I do have a similar set up in one of our remote location where 53 UDP is firewalled so I am forced to use "official" site DNS to resolve remote sites.


----------



## aragats (Apr 4, 2017)

ShelLuser said:


> but what about /etc/hosts?


Thanks! I'm already using it. However, there are several devices on the network which get IP addresses from DHCP, so there is no guarantee they won't change.


ShelLuser said:


> Another option could be to install dns/bind911


I think that will be an overkill solution  (maybe I'm wrong).


Oko said:


> ... you are trying to reach the site which uses misconfigured authoritative server


Like I said, it's not doing its job well, I have a couple of dynamic DNS, and set TTL to 600 sec, however, that local DNS won't update even in 2 days (MS W2012R2).


Oko said:


> What you need to do is to correctly set up local caching DNS unbound


Thanks! I'll give it a try!


----------



## Phishfry (Apr 4, 2017)

`dhclient` updates the resolv.conf file on lease acceptance on DHCP client connections I believe.

There are settings in dhclient.conf that might help you if your using a DHCP client.

prepend domain-name-servers x.x.x.x;


----------



## aragats (Apr 4, 2017)

Phishfry said:


> There are settings in dhclient.conf that might help you if your using a DHCP client.


Yeah... but I have a static IP address.


----------



## Oko (Apr 4, 2017)

aragats said:


> Yeah... but I have a static IP address.


That makes things much easier.

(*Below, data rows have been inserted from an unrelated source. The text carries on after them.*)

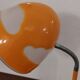 Ikea "Skojig" orange cloud desk lamp 90's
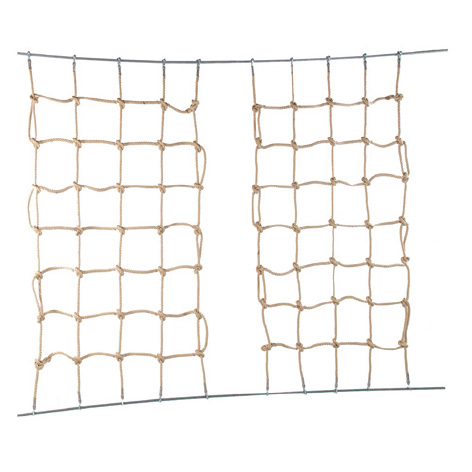 冒险公园 攀爬障碍 攀爬帘幕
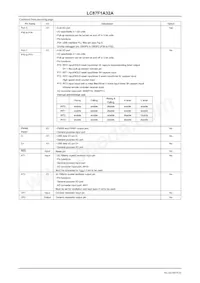 LC87F1A32AUWA-2H Datasheet Page 9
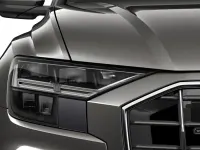 Gebraucht Audi Q8 S-Line 340 PS (250 kW) 2022 Samuraigrau metallic SUV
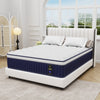 Full Mattress, Holaki 10" New Memory Foam Hybrid Full Mattress in a Box, Cool Individual Pocket Spring for Sleep Supportive & Pressure Relief, Full Size Medium Firm Mattress, CertiPUR-US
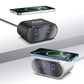 Radio Réveil Ado Connecté - Chargeur Sans Fil, Affichage Température
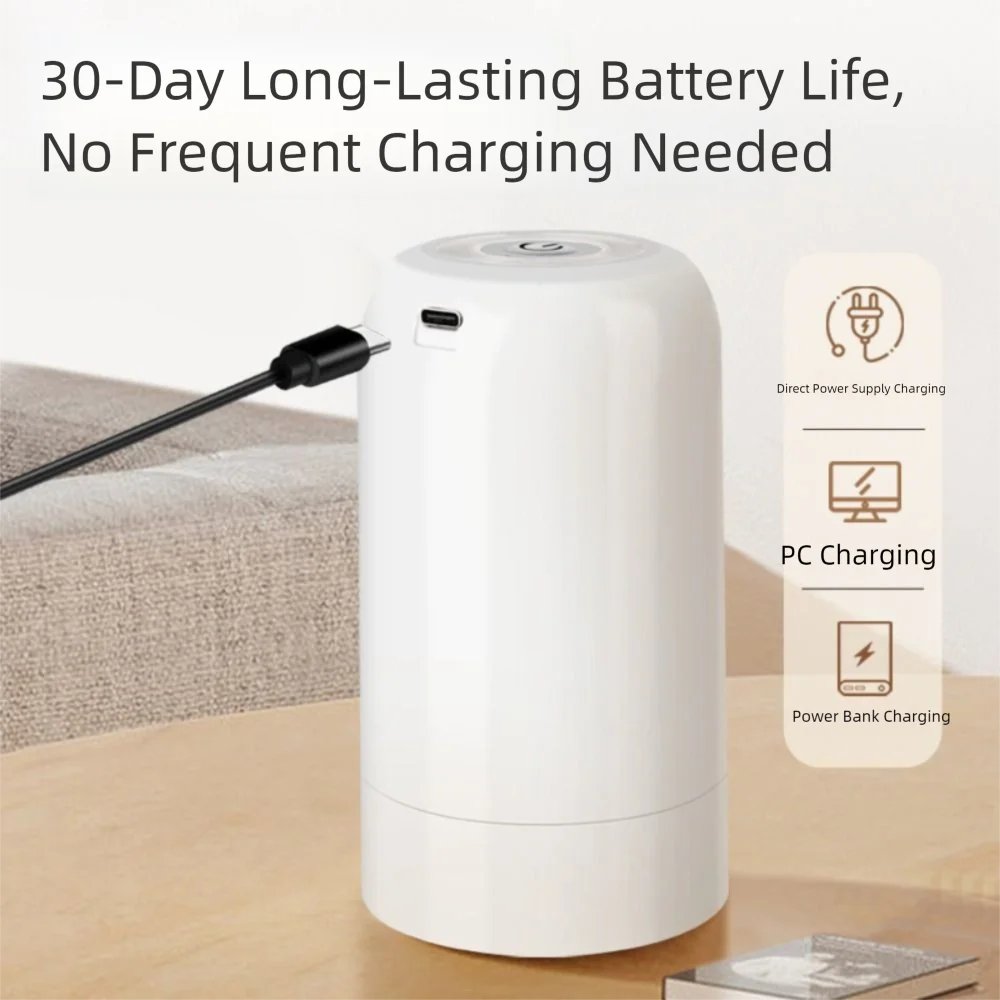 

4.5-18.9Liter Electric Drinking Qater Foldable One-button Switch Electric Water Dispenser Low Noise Automatic Water Jug Pump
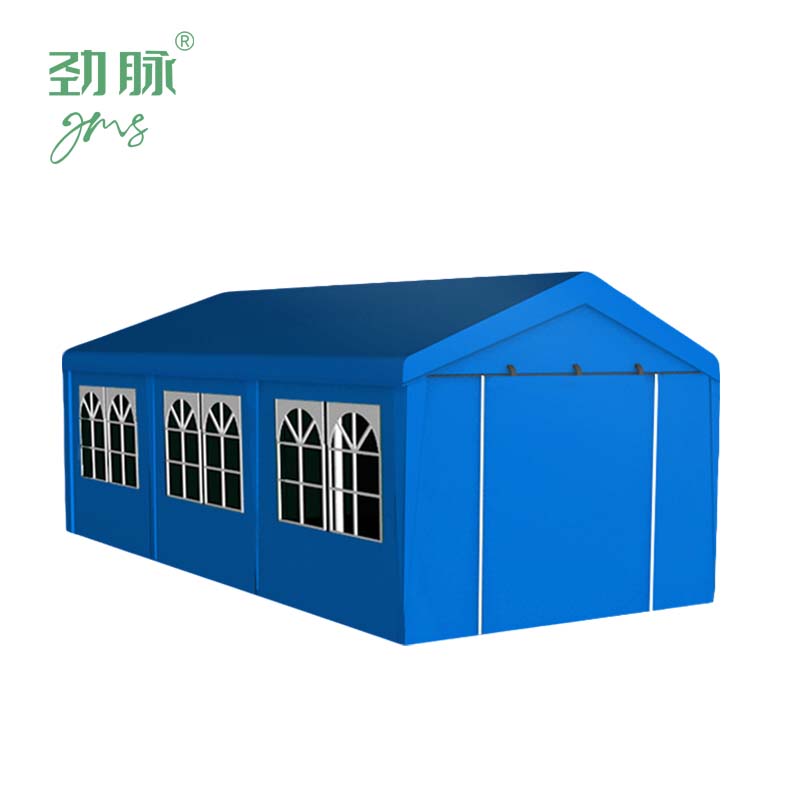 劲脉 移动帐篷 天蓝色围布-2*3*2M 顶高清大图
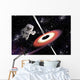 Artist's Concept Astronaut Falling Wall Decal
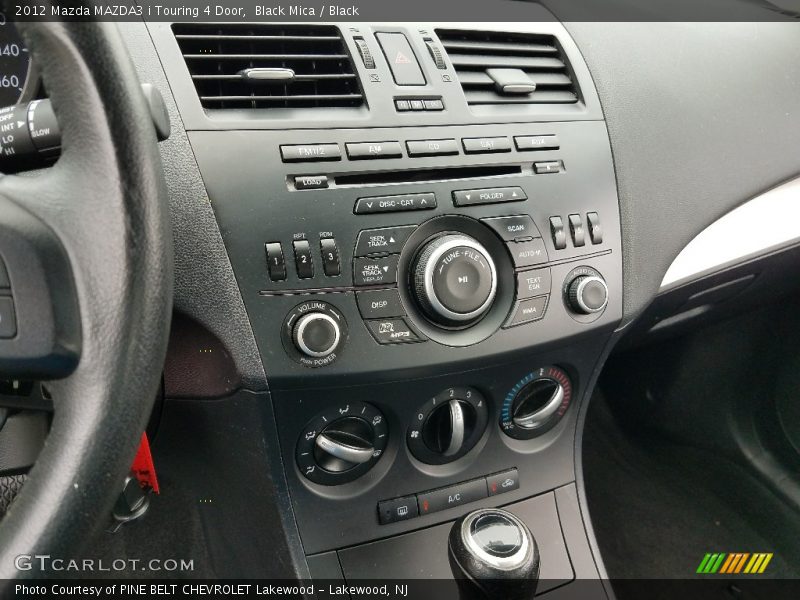 Black Mica / Black 2012 Mazda MAZDA3 i Touring 4 Door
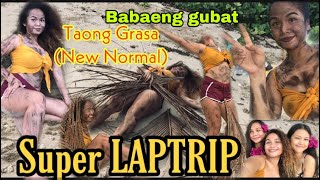 ULING CHALLENGE | BABAENG GRASA GUBAT DAGAT DRAMA GYMNAS | LAPTRIP TO 😂 #SisTEAM  #ulingchallenge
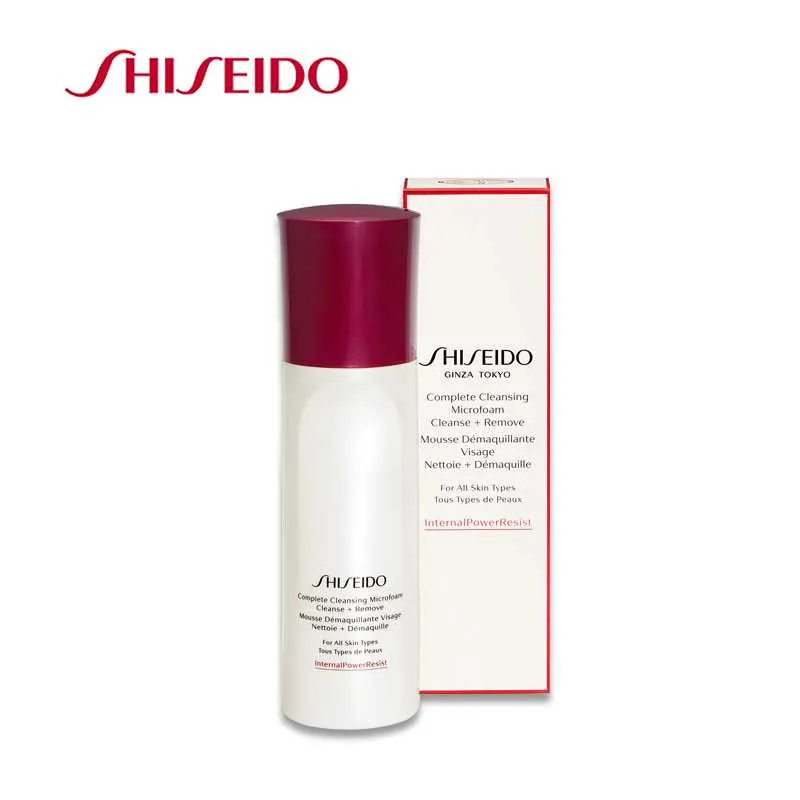 SHISEIDO Complete Cleansing Microfoam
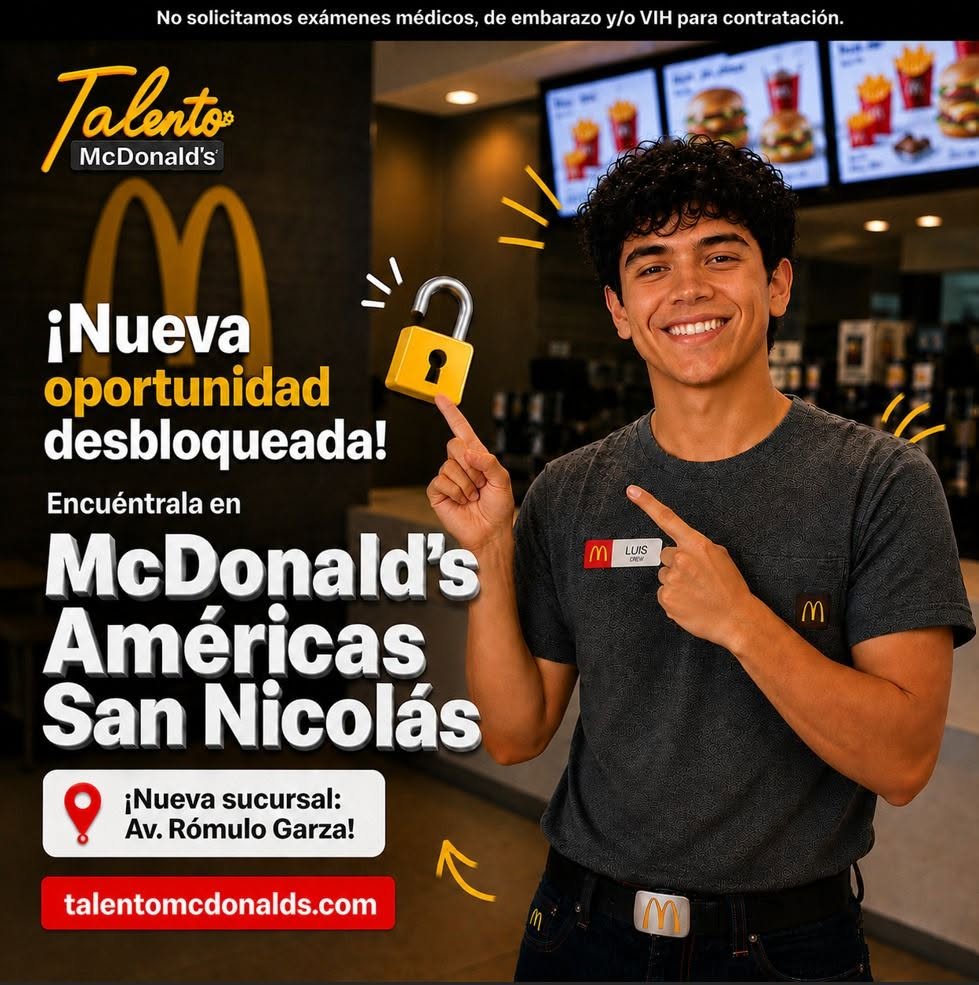 Vacante disponible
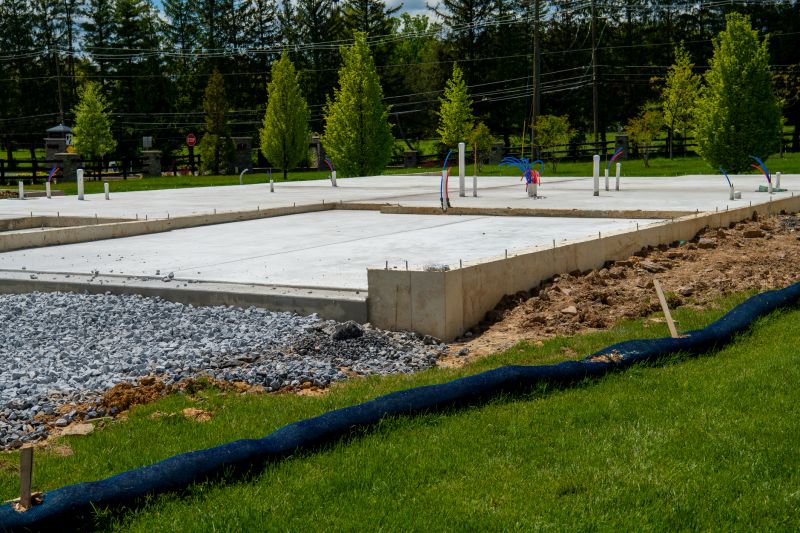 Commercial Slab Construction in Rootstown, OH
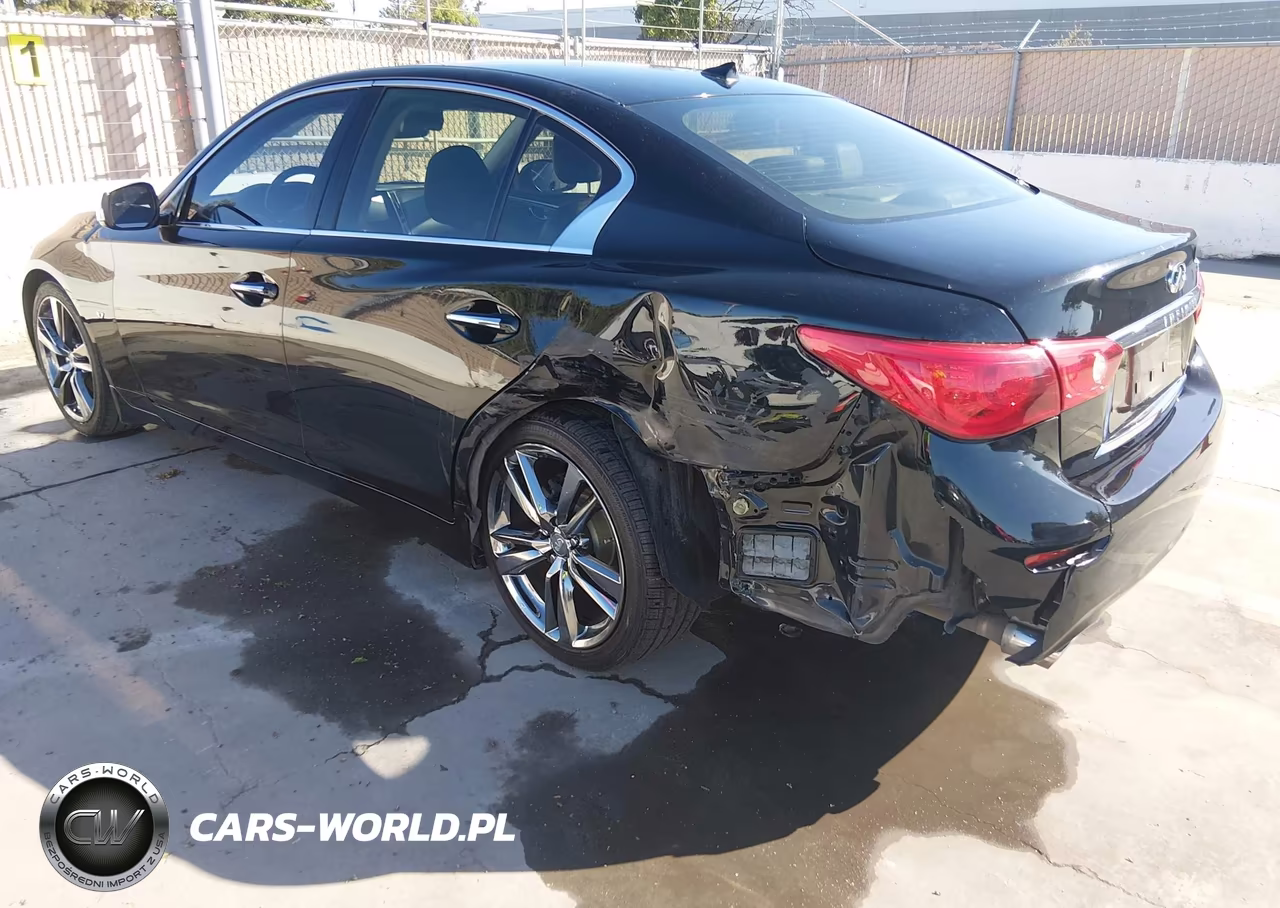 2015 Infiniti Q50 Premium VIN:JN1BV7AP2FM349762 - 6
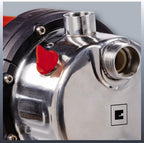 Groupe de surpression GC-WW 1250 NN pompe à eau 1200 W cuve 20 L débit 5000 L/h hauteur de refoulement 50 m pression 5 bar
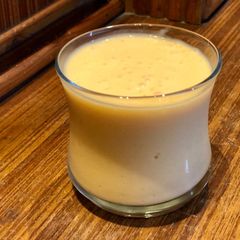Mango and banana Shake 🥭🍌 A picture of Mango and banana Shake 🥭🍌.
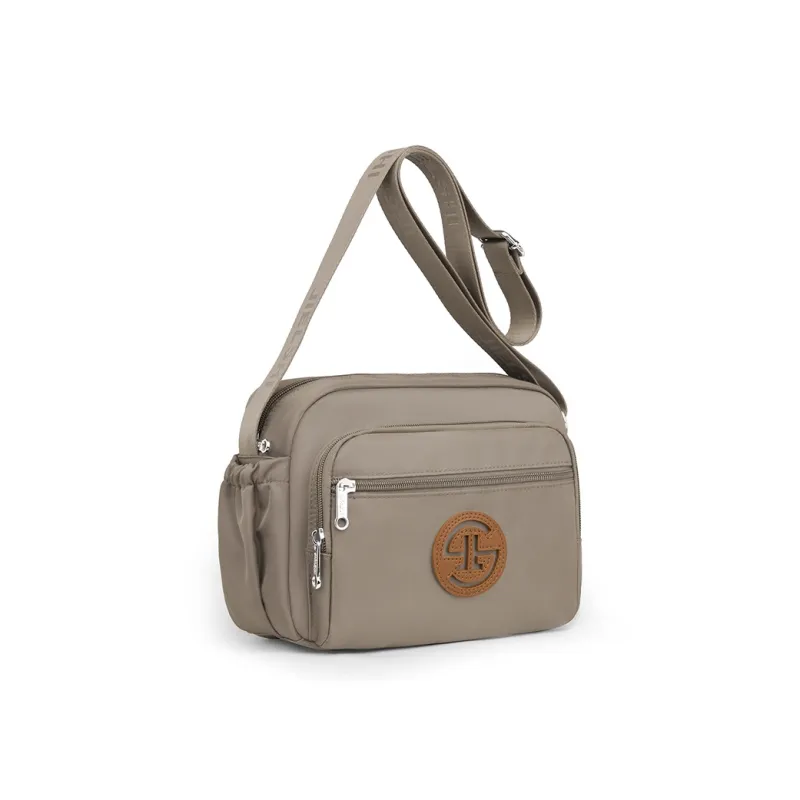 Gerlanx Nylon Fabric Crossbody Bag, Shoulder Bag Unisex-8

Just edit /etc/resolv.conf per my post. Forgot about editing stupid /etc/dhclient.conf file. I am guessing your /etc/rc.conf file already contains your IP address and the default route. Even if you have local dhcp server learn how to use MAC addresses to assign always the same IP addresses to the same devices. Actually the guy who mentioned editing /etc/hosts file is correct in the sense that for few devices you can just edit that file. My solutions scales to large local subnets.


----------



## aragats (Apr 4, 2017)

Oko said:


> dhcp server learn how to use MAC addresses to assign always the same IP addresses to the same devices


Made me laugh  That DHCP server (the same MS W2012R2) works well only with Windows machines. It keeps assigning duplicate addresses to multiple devices running Debian Linux. At the same time the DNS won't register those devices' names.


----------



## Oko (Apr 4, 2017)

aragats said:


> Made me laugh  That DHCP server (the same MS W2012R2) works well only with Windows machines. It keeps assigning duplicate addresses to multiple devices running Debian Linux. At the same time the DNS won't register those devices' names.


I have no experience with WIndows. This is /etc/dhcpd.conf  of mine DHCP server running OpenBSD 6.0 and stock DHCP server (FreeBSD doesn't come with the one in its base).
Works like a charm.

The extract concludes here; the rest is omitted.